Diabetes primary prevention of cardiovascular events
Editor-In-Chief: C. Michael Gibson, M.S., M.D. [1]
Overview
Primary Prevention with Aspirin
The safety and efficacy of low-dose aspirin in the primary prevention of cardiovascular events in patients with type 2 diabetes is controversial.
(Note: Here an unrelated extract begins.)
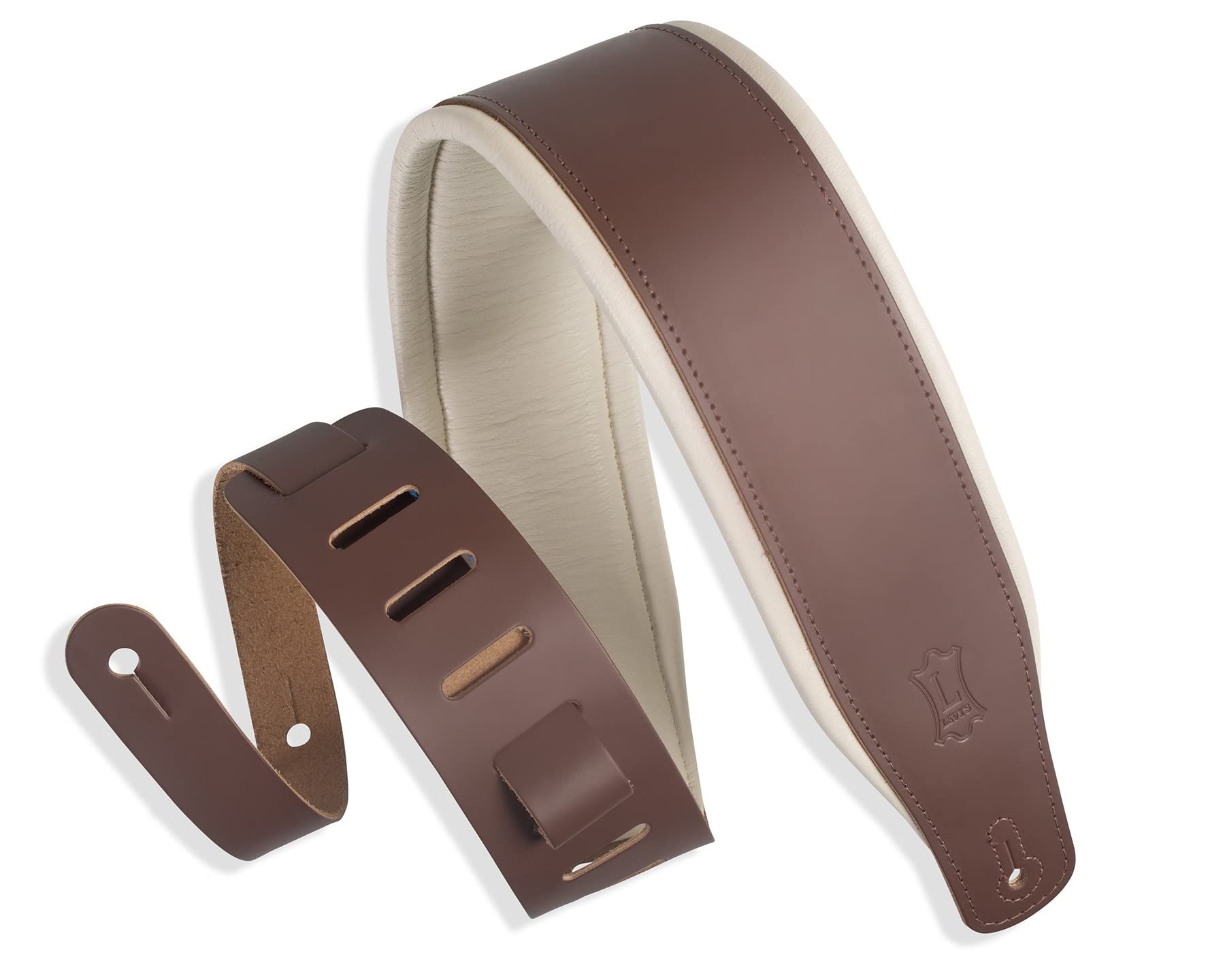 Foto 1 | Correa Para Guitarra Levy's Leathers Amped Leather Series, Color Marrón Y Crema - Venta Internacional.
In one prospective, randomized, multicenter, blinded trial, 2,539 type 2 diabetes patients with no history of atherosclerotic events were followed for a median of 4.4 years were randomized to either low-dose aspirin (81 or 100 mg per day) or placebo control[1]. There was no difference in the risk of fatal or nonfatal ischemic heart disease, fatal or nonfatal stroke, and peripheral arterial disease: 13.6 events per 1000 person-years in the aspirin group vs 17.0 per 1000 person-years in the non-aspirin group, hazard ratio [HR], 0.80; 95% confidence interval [CI], 0.58-1.10; log-rank test, P = .16). For the secondary endpoint of fatal coronary events and fatal cerebrovascular events, there was a significant advantage of low dose aspirin: there was 1 stroke among the patients treated with aspirin and there were 5 fatal myocardial infarctions and 5 fatal strokes in the nonaspirin group (HR, 0.10; 95% CI, 0.01-0.79; P = .0037). With respect to all cause mortality, 34 aspirin patients and 38 non-aspirin patients died from any cause (HR, 0.90; 95% CI, 0.57-1.14; log-rank test, P = .67). Thus, although the results were somewhat mixed, the primary endpoint did not favor aspirin, among patients with type 2 diabetes, the use of low-dose aspirin was not effective in primary prevention of atherosclerotic events.
References
- ↑ Ogawa H, Nakayama M, Morimoto T, Uemura S, Kanauchi M, Doi N; et al. (2008). "Low-dose aspirin for primary prevention of atherosclerotic events in patients with type 2 diabetes: a randomized controlled trial". JAMA. 300 (18): 2134–41. doi:10.1001/jama.2008.623. PMID 18997198.